Hi all, I know that not everyone recommends this but I also know that some people successfully do it. If I were to free roam a tegu 24/7, and have him share my room with me or black off part of my room, how would I go about doing this? By this I mean what things would I need to provide? (I know basking lamps, no dangerous areas, etc.)


----------



## Josh (Jun 18, 2013)

Do you think you could pull off a small area for him to have a substrate and proper lighting? That way he could have his own area (something like a raised flower bed) and then still have free range over other areas


----------



## Scott_k (Jun 18, 2013)

You would definetly need to provide the heat and humidity somehow. I let my guy free roam, but he is in my reptile room and he has a 8x4x4 cage that I leave one side open. I have swinging doors on each side. I leave the cool side open for him. He is free to walk around the room , but he can also go in and out of his cage to bask. I have a humidifier in the room. I also have a huge Rubbermaid container from Home Depot that I cut a hole in on the side that he can fit into and filled it with spare blankets and sheets. At the same time I don't have anything on the floor which he can get into. You need to be careful of cords plugged into outlets because they will walk right through them and bring down whatever is plugged in or worse get tangled in the wires and hurt themselves. I personally learned that the hard way and I boxed off the out let's with plywood so he can't go near them.( my guy didnt get hurt but he pulled down 3 light fixtures that were being used for other tanks) it also depends on how big your guy is, if he's small you need to worry about the gaps under doors and things like that. Mine is full grown so I don't have that issue. The big thing though is humidity, even with the humidifier it's not near as high as he needs in the whole room. I give my guy baths twice a week and he soaks in his tub on his own.
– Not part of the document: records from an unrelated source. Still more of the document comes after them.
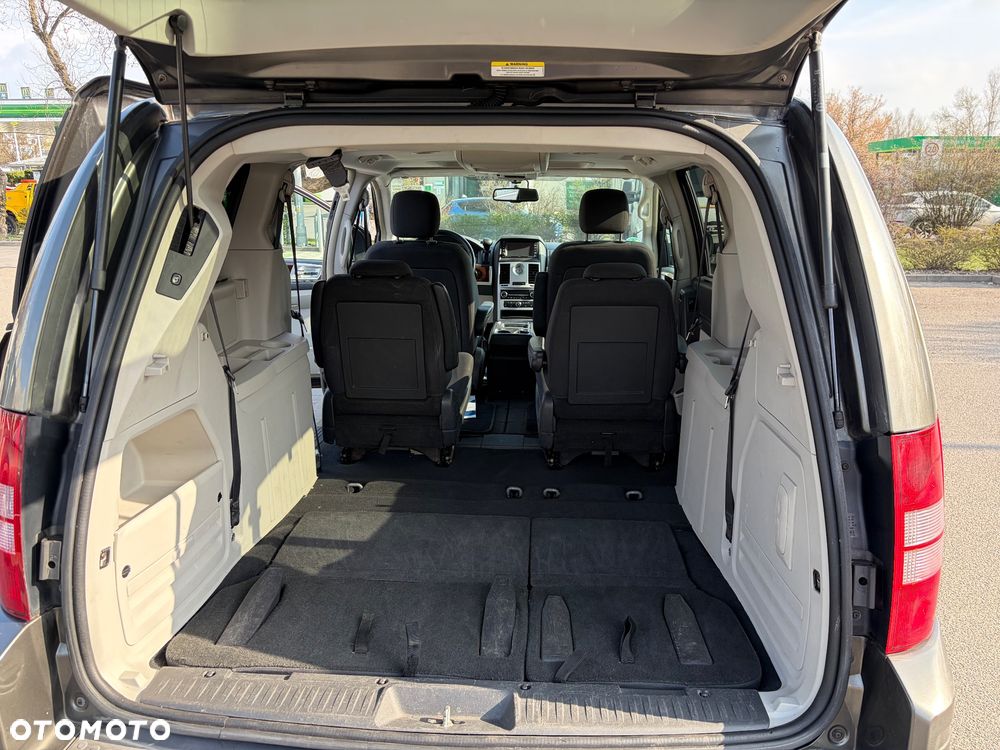 Chrysler Grand Voyager 2.8 CRD Touring - 8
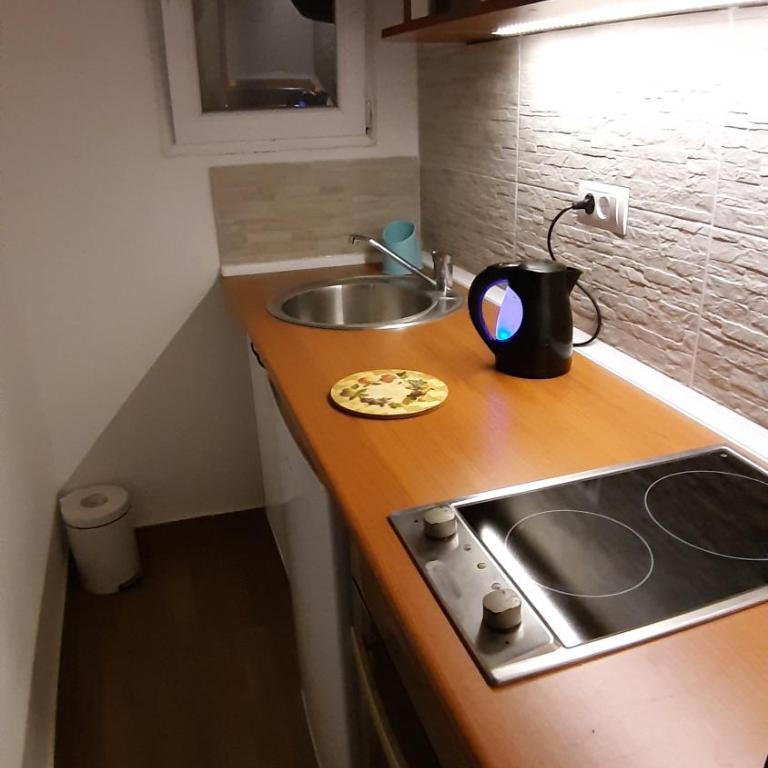 Azzurro Studio Apartment - Apartment - 9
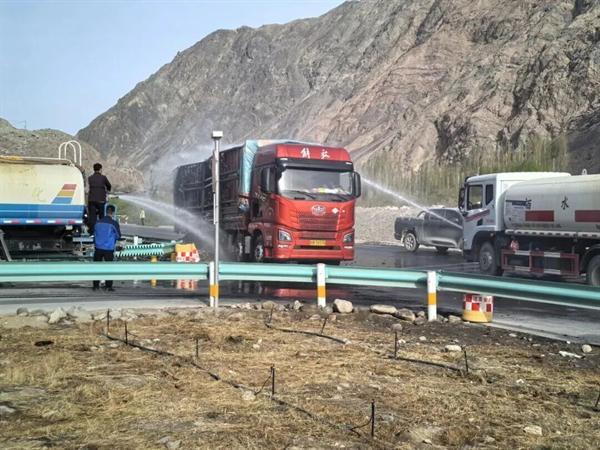 戈壁救援践担当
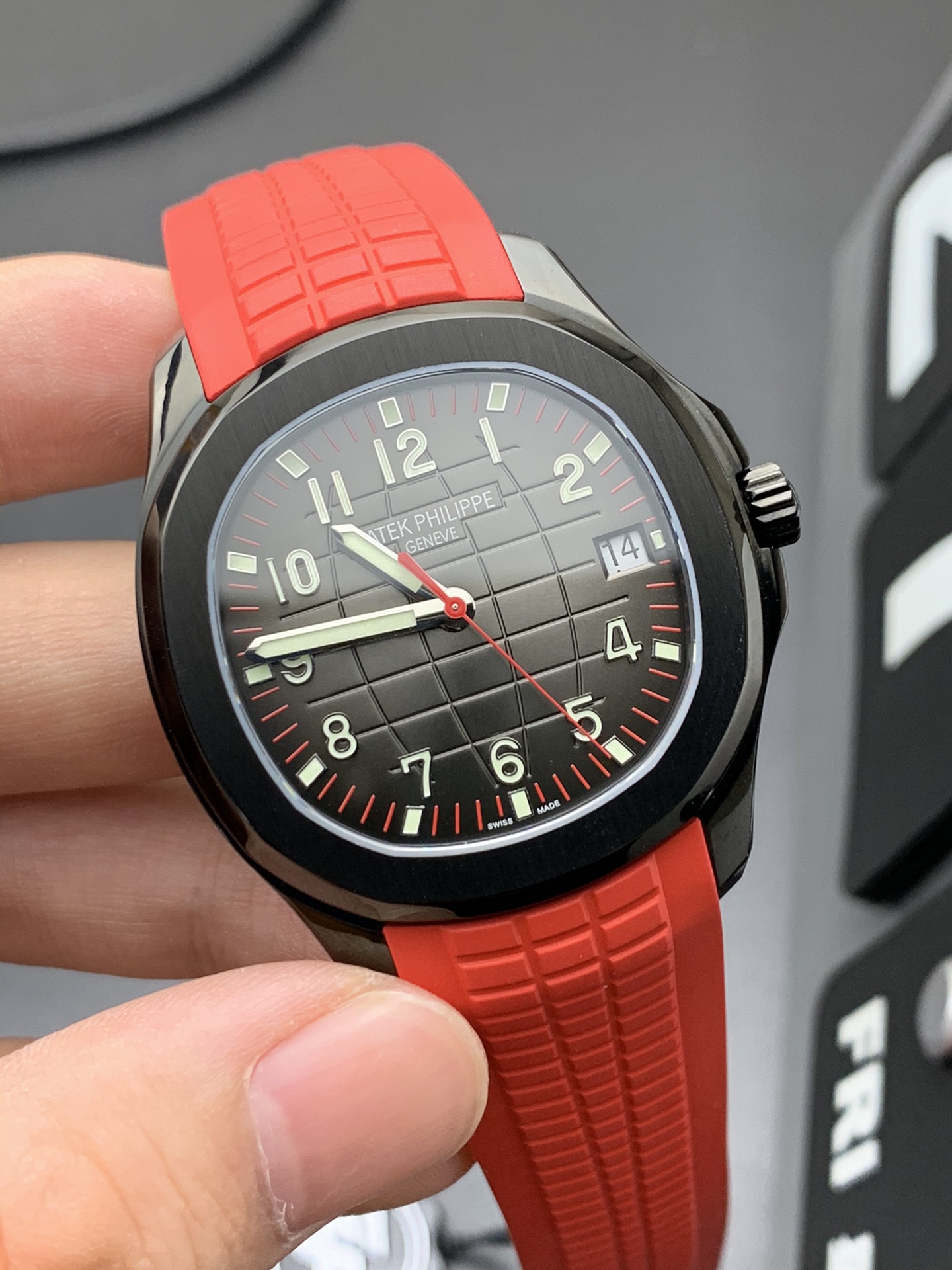 Patek Philippe 黑手雷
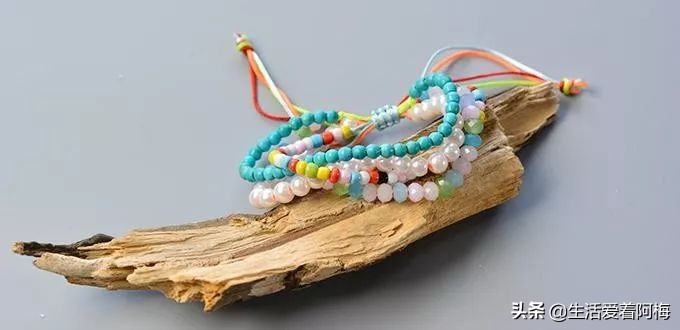 各种珠子串手链的教程,价值不菲的手链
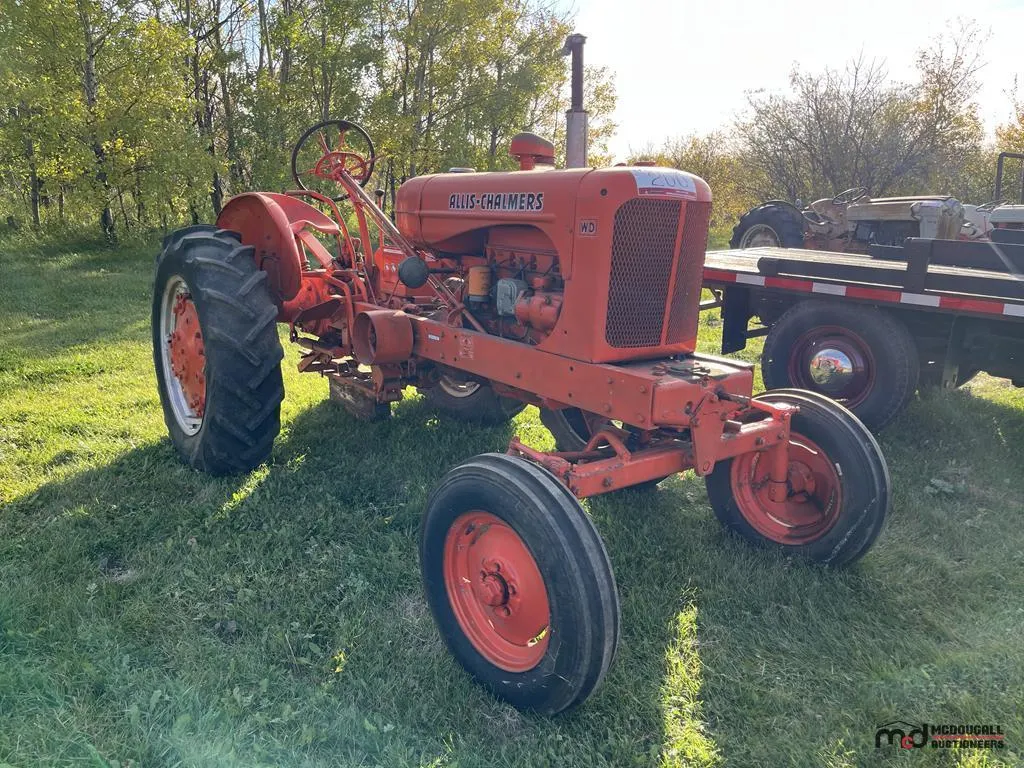 Allis-Chalmers Tractor w/ Extra Tire (Non-Runner)
UNRESERVED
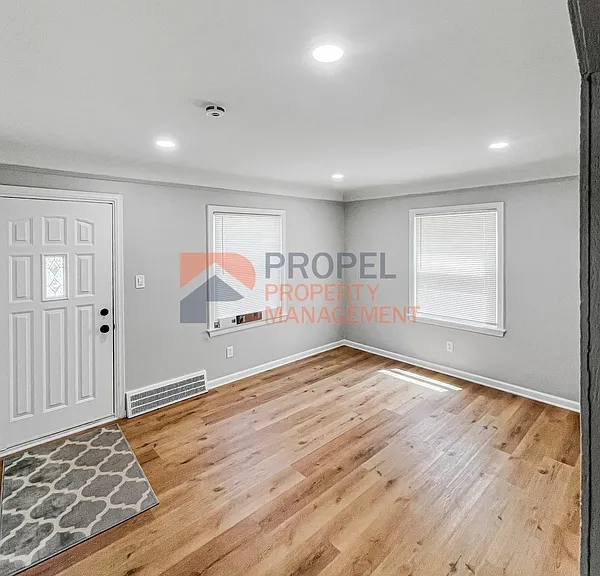 5072 Winifred St — Photo 3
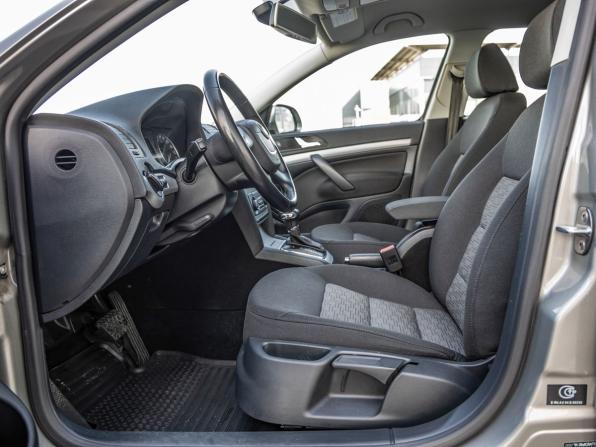 Skoda Octavia II (A5) Рестайлинг с пробегом 2012 года, цена 1 298 000 рублей, 62297 км, лифтбек, Автокод Объявления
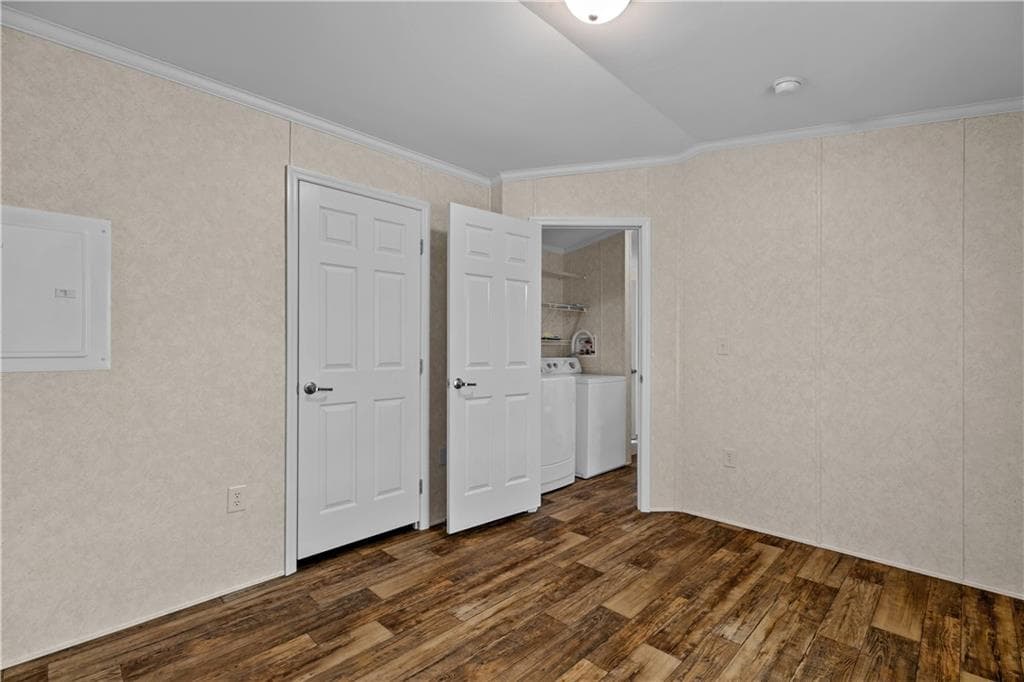 Single Family Residence at 1 Second Street, Portsmouth, photo 13 of 23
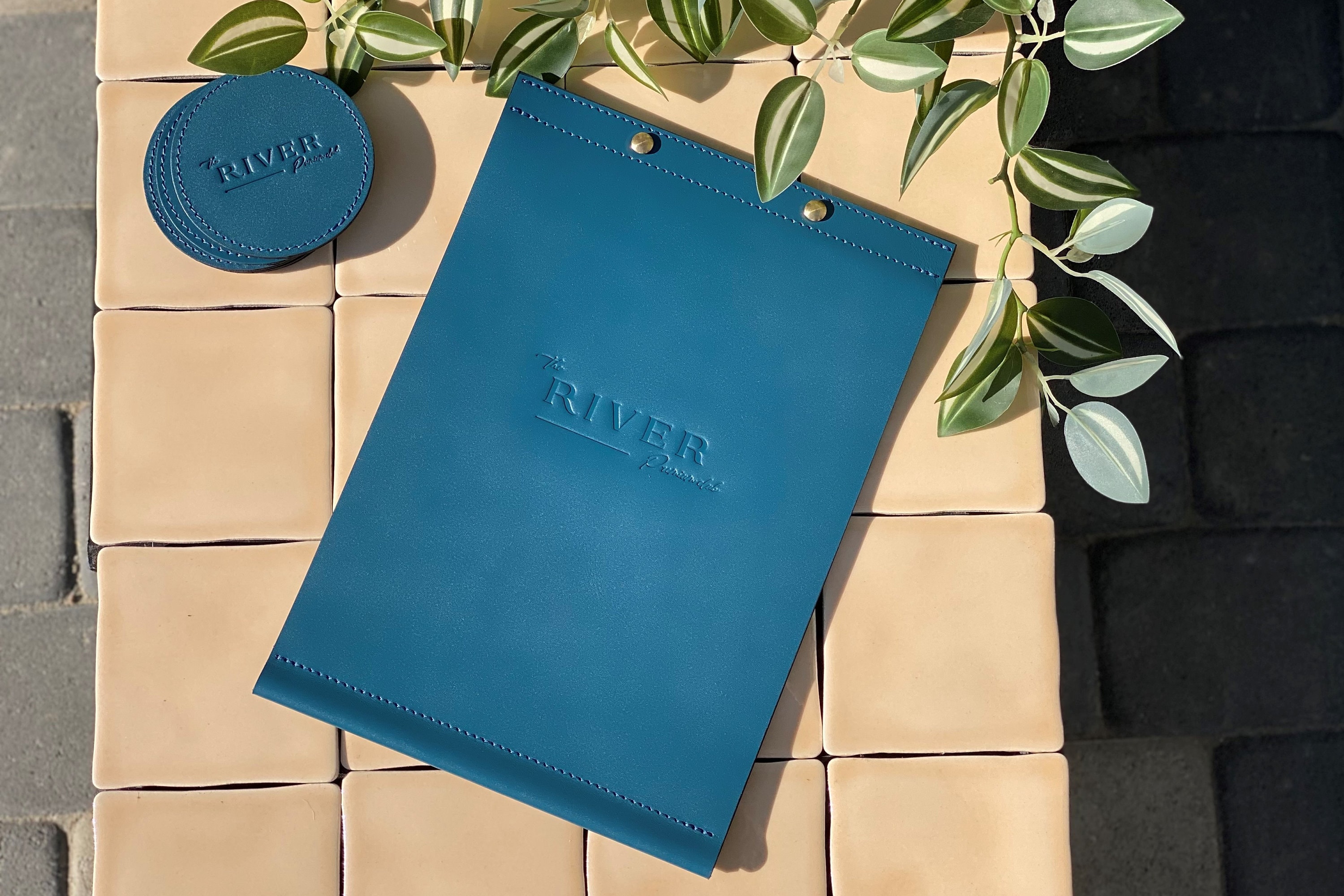 Porte-menus en cuir pour restaurant : porte-menus personnalisé en relief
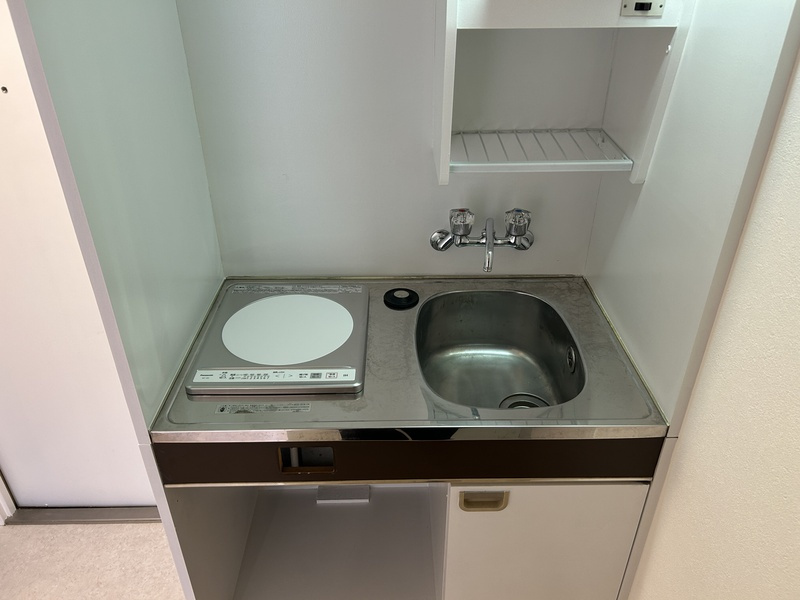 俳優座ビルのキッチン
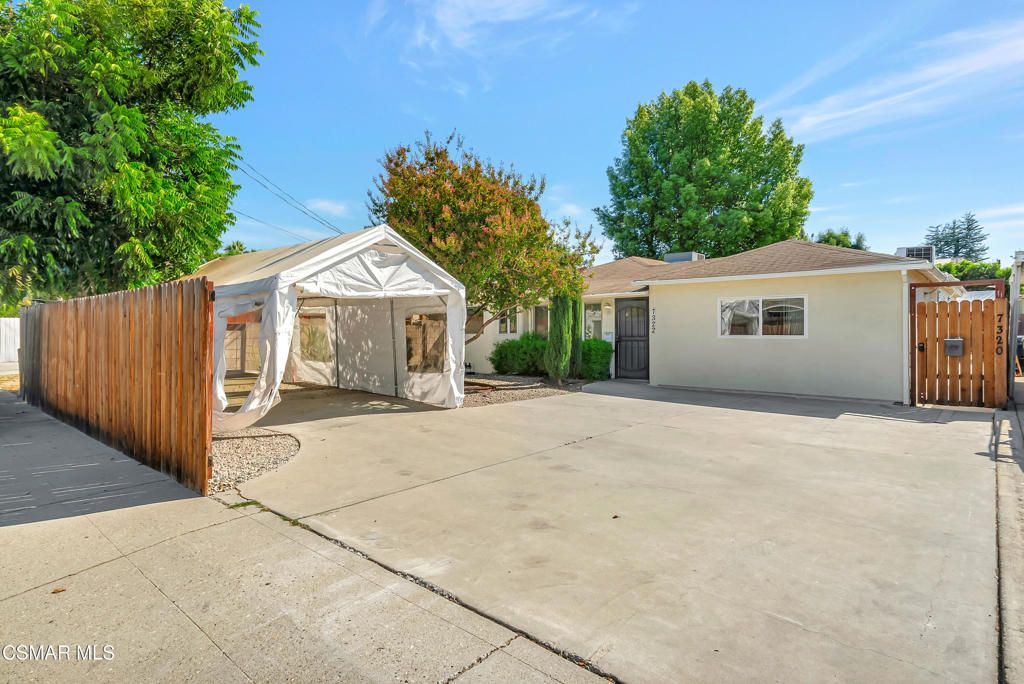 7322 Lindley Avenue, Reseda, CA 91335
And if you have carpet it will get messy real quick.


----------



## Dirkthejerk41 (Jun 18, 2013)

I have a hardwood floor, so I'm thinking maybe fencing off an area in my room (it is pretty large) and getting a large storage bin or something with substrate in it, maybe another bin with water, several basking spots, a heated cat bed or something, and a humidifier... i don't even have a tegu at the moment so these are all just ideas.


----------



## Scott_k (Jun 18, 2013)

It can work you just got to set it up and if something is not working, change it or fix it and see if that works. There are mixed views on this subject. People will say no don't do it. It's not good for the tegu health wise. Other people have had great success, I feel I am one of those people. My guy goes to the vet every 6 months and he is very healthy and my vet said one of the most docile lizards he's seen. As far as heat though as long as you can setup a basking spot you shouldn't need the heated blankets or any of that depending on where you are at and how cold it gets at night. I'm in Cali and at night it can get in the 50s but my house only drops to 70. Since he's in the reptile room the heat from the other enclosure keeps the room warm enough at night for him, that room drops between 75-80 at night and stays about 83-85 during the day when everything is turned on.


----------